I have also tried `sreport`, but I cannot really get anything useful
out of it at the user level. For example:

sreport user TopUsage
-----------------------------------------------------------------------
---------
Top 10 Users 2023-03-21T00:00:00 - 2023-03-21T23:59:59 (86400 secs)
Usage reported in CPU Minutes
-----------------------------------------------------------------------
---------
Cluster Login Proper Name Account Used Energy
--------- --------- --------------- --------------- --------- --------

It just gives me an empty table with no user information. I am guessing
something is not configured right here to be storing that data.

I have "AccountingStorageTRES=gres/gpu" in slurm.conf. I am not sure
what more I should perhaps put here.

I hope someone can advise on what I am missing here and how I can best
get the usage stats I am hoping for.
Best regards,

Thomas

--
Special Consultant | CLAAUDIA

Phone: (+45) 9940 9844 | Email: ta...@its.aau.dk | Web:
https://www.claaudia.aau.dk/
Aalborg University | Fredrik Bajers Vej 1, A1.65, 9220 Aalborg Ø,
Denmark

Mike Mikailov

unread,
Mar 26, 2023, 10:14:04 AM3/26/23
to Slurm User Community List, ta...@its.aau.dk
Hi Thomas et al,

I have just written a Linux shell script which does exactly what you are asking for.

Please use “—allocations” option in sacct command to generate aggregated resources usage per user.

You may also use awk Linux command to summarize all CPU usages.

More advanced awk command may also summarize all GPU usages.

I have also placed the script on the GitHub but it is private now until we clear it for public.
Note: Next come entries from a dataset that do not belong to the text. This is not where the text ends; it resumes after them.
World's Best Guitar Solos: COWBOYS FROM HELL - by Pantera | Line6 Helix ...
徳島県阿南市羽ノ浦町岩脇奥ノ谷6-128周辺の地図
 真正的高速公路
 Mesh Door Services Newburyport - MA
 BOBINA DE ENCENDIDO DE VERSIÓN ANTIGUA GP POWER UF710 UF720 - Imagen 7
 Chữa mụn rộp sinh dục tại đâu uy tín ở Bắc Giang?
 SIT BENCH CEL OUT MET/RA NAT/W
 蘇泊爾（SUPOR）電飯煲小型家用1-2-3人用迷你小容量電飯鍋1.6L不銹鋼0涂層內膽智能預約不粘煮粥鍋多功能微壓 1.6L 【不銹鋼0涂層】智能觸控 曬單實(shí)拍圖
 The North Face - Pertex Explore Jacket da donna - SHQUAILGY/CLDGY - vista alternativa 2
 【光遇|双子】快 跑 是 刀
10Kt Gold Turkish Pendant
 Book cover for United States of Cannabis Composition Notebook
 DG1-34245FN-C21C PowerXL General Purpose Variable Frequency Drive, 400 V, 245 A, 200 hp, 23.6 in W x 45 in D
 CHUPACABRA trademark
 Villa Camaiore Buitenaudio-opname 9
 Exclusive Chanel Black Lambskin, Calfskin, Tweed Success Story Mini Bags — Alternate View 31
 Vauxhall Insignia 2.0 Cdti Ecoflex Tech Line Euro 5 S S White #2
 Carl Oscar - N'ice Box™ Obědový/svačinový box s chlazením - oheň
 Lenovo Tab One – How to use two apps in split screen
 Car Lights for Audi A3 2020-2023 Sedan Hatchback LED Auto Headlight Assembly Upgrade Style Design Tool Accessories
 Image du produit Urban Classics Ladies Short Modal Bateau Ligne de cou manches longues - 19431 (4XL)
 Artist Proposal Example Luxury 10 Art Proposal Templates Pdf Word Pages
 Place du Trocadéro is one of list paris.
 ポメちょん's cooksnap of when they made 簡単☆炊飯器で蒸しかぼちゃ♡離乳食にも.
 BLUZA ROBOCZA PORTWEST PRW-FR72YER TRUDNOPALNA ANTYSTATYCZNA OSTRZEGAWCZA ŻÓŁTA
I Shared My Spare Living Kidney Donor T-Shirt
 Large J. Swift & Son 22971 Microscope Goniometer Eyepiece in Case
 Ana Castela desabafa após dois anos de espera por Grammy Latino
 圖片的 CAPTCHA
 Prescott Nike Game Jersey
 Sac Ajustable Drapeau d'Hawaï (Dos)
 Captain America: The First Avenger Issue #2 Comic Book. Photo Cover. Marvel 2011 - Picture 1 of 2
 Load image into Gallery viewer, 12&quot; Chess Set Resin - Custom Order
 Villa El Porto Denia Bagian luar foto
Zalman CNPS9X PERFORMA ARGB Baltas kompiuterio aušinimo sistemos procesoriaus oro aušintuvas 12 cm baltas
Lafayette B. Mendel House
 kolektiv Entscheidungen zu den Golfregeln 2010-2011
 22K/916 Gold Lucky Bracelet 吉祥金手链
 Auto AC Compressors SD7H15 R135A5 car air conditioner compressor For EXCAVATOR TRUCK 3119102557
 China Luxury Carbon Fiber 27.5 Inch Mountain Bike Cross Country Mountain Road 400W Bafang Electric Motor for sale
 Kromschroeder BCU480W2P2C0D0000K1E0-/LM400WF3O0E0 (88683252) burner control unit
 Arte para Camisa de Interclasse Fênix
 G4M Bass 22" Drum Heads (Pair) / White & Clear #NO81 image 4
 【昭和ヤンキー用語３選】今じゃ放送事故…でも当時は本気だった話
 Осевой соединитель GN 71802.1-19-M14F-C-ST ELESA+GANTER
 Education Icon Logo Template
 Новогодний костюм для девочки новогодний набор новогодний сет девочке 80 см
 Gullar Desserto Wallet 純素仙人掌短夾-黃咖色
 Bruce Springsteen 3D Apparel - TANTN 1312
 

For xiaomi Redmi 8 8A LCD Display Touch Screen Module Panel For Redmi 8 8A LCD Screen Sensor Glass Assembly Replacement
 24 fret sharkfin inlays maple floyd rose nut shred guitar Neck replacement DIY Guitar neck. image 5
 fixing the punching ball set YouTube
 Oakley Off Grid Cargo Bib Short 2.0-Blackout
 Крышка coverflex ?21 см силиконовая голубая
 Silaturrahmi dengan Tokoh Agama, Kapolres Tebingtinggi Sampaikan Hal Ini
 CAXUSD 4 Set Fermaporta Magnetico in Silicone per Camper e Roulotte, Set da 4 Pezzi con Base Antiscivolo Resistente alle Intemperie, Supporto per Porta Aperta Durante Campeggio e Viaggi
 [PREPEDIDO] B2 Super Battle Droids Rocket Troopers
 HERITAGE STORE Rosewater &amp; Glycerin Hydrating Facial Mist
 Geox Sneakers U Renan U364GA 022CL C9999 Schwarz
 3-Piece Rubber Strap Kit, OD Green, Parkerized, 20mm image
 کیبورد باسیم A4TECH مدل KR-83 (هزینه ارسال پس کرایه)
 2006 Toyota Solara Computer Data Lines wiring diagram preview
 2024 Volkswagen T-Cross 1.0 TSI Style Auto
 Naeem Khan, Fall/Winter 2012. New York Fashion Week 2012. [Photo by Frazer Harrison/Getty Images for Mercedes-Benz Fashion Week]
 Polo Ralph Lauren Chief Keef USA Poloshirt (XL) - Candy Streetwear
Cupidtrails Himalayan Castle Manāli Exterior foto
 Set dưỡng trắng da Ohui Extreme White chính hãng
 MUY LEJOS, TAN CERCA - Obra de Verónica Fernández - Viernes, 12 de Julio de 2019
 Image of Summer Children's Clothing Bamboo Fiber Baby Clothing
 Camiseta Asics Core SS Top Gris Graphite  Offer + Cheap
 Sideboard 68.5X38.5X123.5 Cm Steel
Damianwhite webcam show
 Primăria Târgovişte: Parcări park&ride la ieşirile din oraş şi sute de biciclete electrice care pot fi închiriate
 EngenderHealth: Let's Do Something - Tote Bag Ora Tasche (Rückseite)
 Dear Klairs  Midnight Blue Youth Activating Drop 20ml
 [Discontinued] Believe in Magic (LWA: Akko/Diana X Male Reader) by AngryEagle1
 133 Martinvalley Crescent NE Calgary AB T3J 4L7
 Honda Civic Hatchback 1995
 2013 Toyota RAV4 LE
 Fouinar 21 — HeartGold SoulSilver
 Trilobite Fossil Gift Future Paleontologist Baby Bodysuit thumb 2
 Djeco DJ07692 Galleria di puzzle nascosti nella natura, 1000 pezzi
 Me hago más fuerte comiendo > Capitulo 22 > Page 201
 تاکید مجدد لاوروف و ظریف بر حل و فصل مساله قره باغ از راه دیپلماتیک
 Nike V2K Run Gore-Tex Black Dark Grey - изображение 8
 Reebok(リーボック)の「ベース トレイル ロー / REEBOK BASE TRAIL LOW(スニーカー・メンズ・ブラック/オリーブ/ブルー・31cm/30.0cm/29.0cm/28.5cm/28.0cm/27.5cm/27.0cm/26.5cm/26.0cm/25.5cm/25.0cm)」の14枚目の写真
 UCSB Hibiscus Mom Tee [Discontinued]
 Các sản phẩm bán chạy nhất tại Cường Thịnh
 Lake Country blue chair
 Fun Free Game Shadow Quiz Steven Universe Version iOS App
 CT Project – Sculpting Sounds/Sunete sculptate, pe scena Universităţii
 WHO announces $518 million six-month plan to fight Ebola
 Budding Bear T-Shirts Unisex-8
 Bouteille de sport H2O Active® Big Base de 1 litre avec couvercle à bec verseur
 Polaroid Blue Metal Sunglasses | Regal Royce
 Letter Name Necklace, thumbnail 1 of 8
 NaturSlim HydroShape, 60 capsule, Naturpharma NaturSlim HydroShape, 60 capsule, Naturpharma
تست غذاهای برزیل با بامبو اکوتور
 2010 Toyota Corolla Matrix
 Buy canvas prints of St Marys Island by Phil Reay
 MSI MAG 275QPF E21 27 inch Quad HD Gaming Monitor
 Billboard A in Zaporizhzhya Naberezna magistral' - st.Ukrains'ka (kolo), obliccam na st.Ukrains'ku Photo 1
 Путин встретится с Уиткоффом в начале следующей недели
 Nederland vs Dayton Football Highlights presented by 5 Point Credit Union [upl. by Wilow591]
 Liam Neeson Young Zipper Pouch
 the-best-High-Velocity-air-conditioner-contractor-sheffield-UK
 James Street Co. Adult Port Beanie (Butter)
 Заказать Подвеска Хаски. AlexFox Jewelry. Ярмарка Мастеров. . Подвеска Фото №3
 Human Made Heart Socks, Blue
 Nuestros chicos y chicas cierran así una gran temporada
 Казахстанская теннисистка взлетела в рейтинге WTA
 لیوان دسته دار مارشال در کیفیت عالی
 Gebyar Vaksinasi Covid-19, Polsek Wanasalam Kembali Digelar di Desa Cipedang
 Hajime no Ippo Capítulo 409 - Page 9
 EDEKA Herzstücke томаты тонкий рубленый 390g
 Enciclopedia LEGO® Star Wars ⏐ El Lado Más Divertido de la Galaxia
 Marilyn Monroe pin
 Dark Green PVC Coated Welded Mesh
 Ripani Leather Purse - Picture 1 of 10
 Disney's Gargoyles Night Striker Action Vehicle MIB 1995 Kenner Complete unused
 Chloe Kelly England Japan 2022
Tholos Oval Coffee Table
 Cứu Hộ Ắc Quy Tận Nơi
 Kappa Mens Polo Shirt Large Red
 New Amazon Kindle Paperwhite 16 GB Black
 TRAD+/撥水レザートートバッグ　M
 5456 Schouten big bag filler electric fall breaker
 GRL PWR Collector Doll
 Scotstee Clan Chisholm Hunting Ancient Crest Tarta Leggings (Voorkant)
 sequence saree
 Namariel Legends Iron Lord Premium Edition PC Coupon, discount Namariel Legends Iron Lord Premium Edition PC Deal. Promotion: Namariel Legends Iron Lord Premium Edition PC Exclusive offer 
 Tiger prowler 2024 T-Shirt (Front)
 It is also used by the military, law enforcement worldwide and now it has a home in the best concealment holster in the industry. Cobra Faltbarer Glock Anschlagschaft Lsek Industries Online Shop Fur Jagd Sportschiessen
Traceable resources normalization along with traceable resources weights are needed for more fair usage reports. in this case “billing” value represents combined (max or sum of individual traceable resources) billing unit. Note by default this values equals to the number of CPUs used.

Thanks,
-Mike
USA

Sent from my iPhone

> On Mar 25, 2023, at 11:21 AM, Thomas Arildsen <tho...@arildsen.org> wrote:
>
> I am experimenting with getting information from a Slurm cluster on how

Juergen Salk

unread,
Mar 26, 2023, 11:49:44 AM3/26/23
to Slurm User Community List
Hi Thomas,

I think sreport should actually do what you want out of the box if you
have permissions to retrieve that information for other users than
yourself.

In my understanding, sacct is meant for individual job and job step
accounting while sreport is more suitable for aggregated cluster usage
accounting. Thus, sreport also accounts for reservation hours which
sacct does not.

sreport should also be able to report on consumed GRES-hours, such as
GPU hours in your case, but you'll probably have to use '-T' option in
order to include that information to the report.

In case it matters, our AccountingStorageTRES looks like that:

AccountingStorageTRES=gres/scratch,gres/gpu

(We also account for local scratch space allocations as a GRES.)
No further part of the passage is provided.